Without including any image, retype the records word for word.
**********
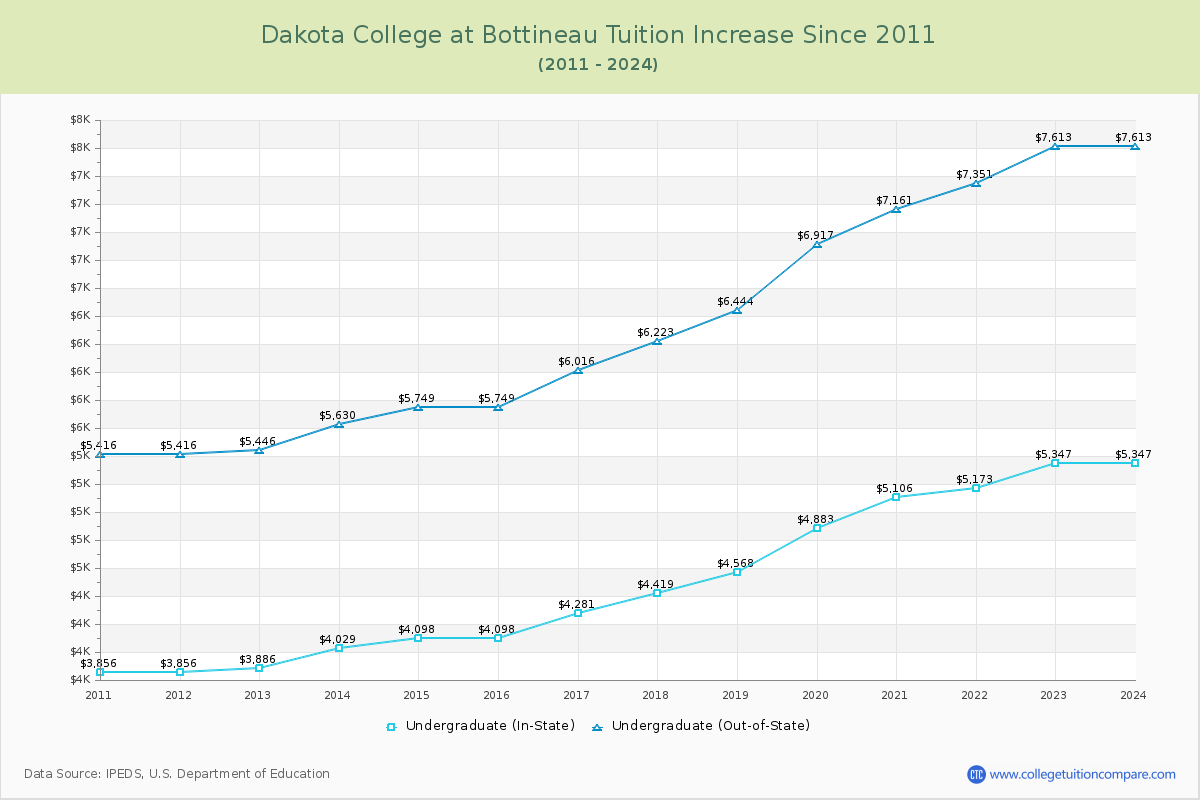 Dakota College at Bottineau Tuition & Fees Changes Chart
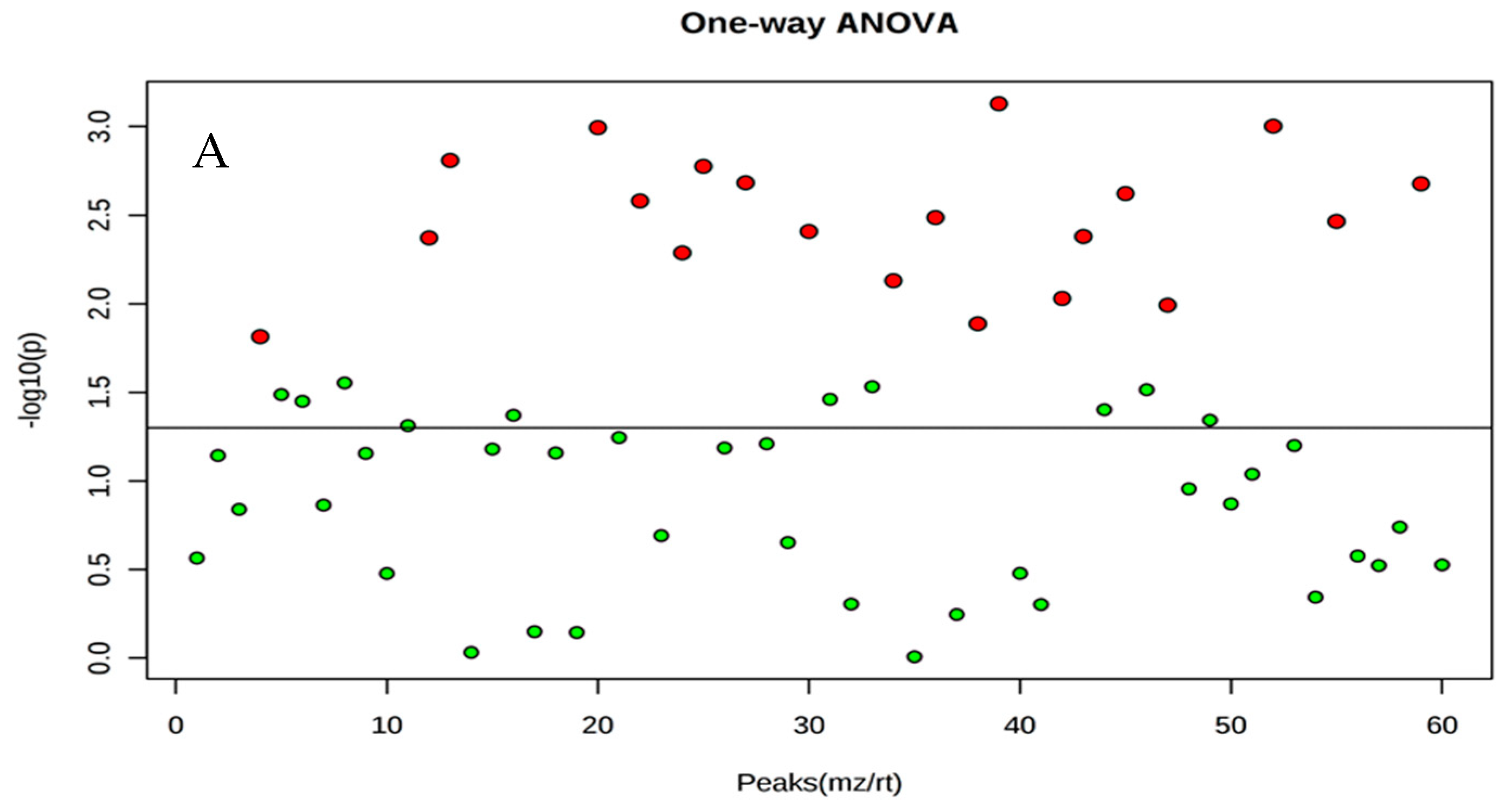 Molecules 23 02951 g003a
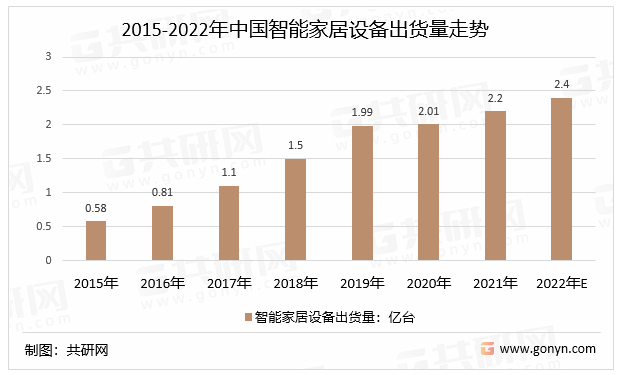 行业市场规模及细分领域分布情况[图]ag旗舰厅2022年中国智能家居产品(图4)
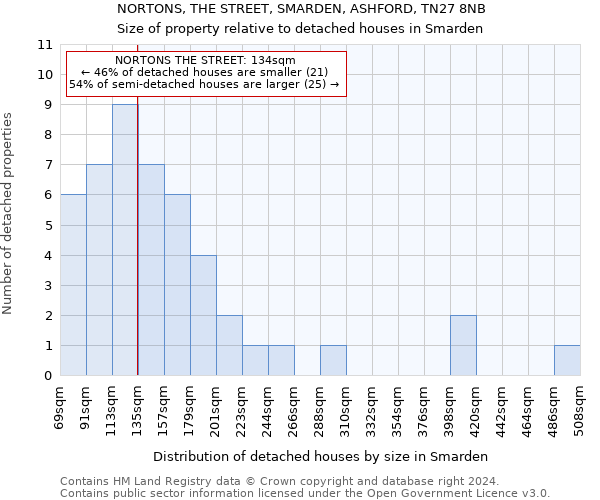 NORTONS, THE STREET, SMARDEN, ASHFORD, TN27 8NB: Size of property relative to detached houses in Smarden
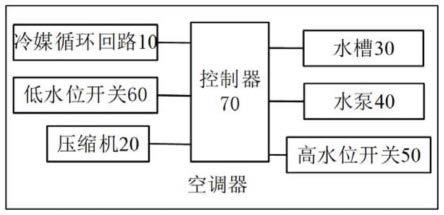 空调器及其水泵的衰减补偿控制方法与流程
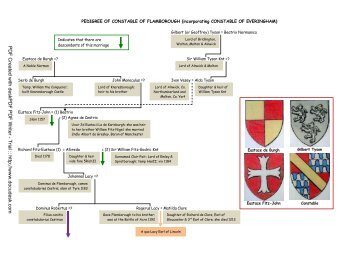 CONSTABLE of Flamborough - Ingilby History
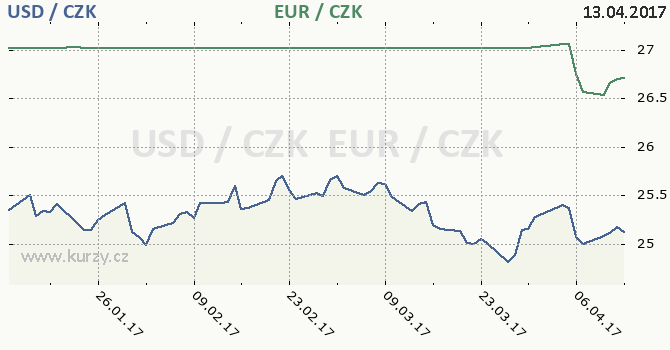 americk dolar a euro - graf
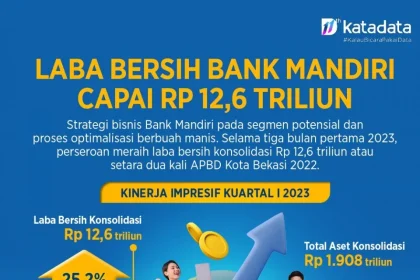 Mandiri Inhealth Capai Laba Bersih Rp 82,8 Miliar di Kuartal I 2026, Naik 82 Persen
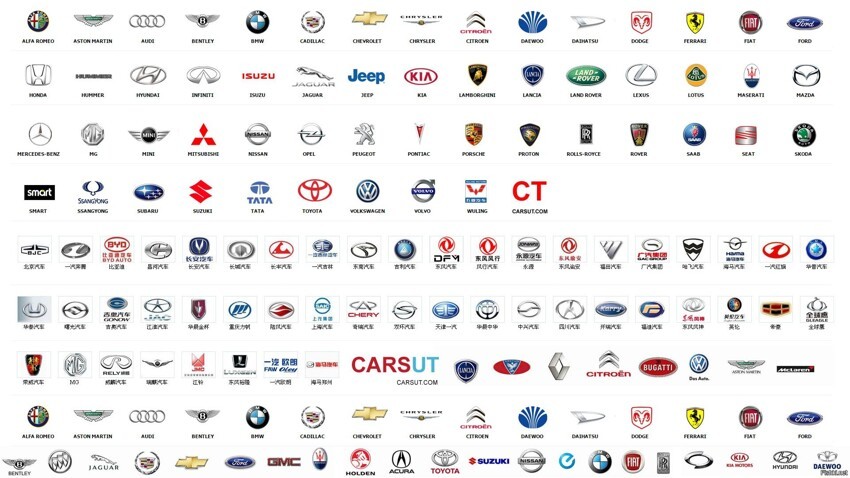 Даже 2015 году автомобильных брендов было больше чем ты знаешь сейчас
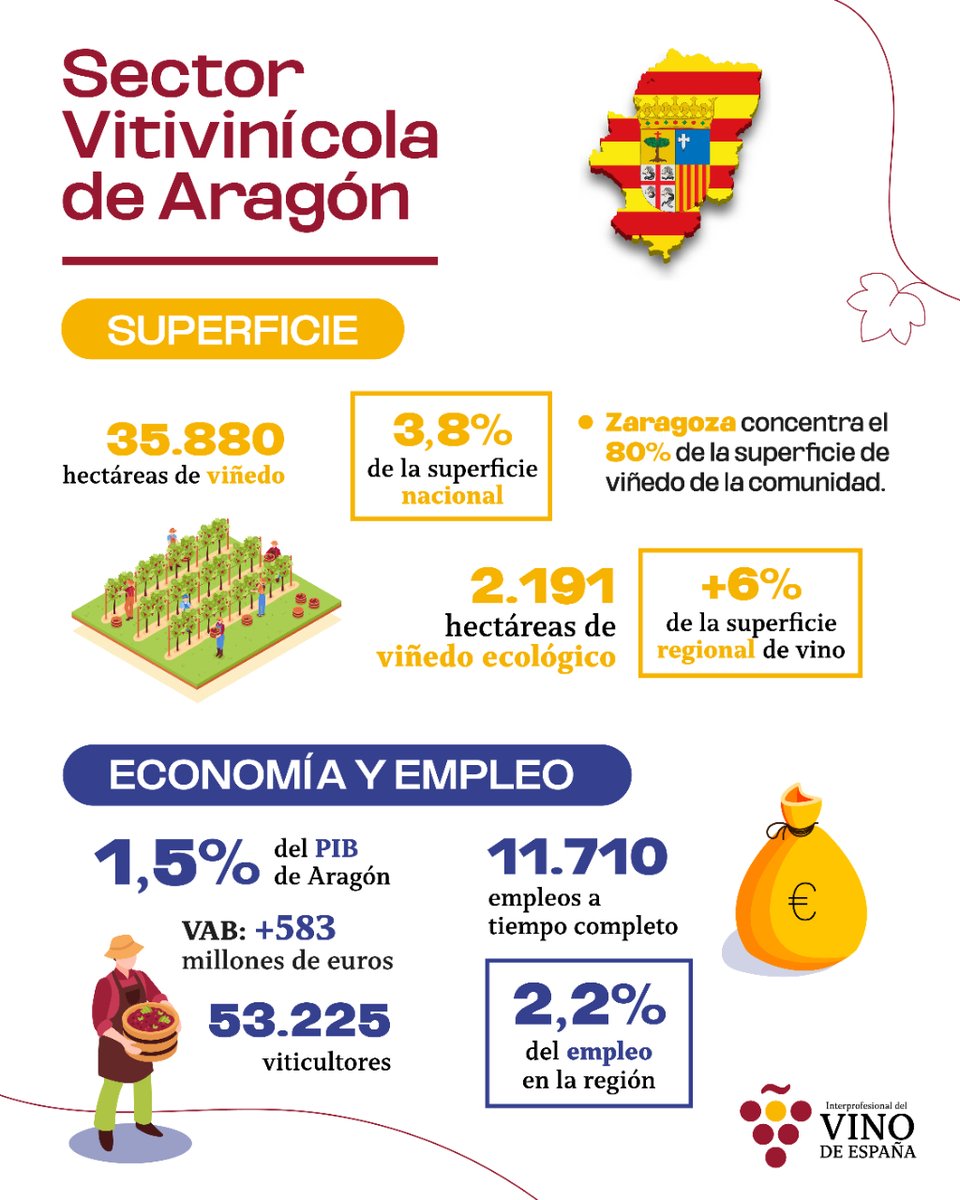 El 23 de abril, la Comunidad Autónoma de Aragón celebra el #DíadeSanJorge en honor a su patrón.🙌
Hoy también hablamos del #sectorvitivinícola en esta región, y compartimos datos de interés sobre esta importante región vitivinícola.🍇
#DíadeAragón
**********
Result:
 Dakota College at Bottineau Tuition & Fees Changes Chart
 Molecules 23 02951 g003a
 行业市场规模及细分领域分布情况[图]ag旗舰厅2022年中国智能家居产品(图4)
 NORTONS, THE STREET, SMARDEN, ASHFORD, TN27 8NB: Size of property relative to detached houses in Smarden
 空调器及其水泵的衰减补偿控制方法与流程
 CONSTABLE of Flamborough - Ingilby History
 americk dolar a euro - graf
 Mandiri Inhealth Capai Laba Bersih Rp 82,8 Miliar di Kuartal I 2026, Naik 82 Persen
 Даже 2015 году автомобильных брендов было больше чем ты знаешь сейчас
 El 23 de abril, la Comunidad Autónoma de Aragón celebra el #DíadeSanJorge en honor a su patrón.🙌
Hoy también hablamos del #sectorvitivinícola en esta región, y compartimos datos de interés sobre esta importante región vitivinícola.🍇
#DíadeAragón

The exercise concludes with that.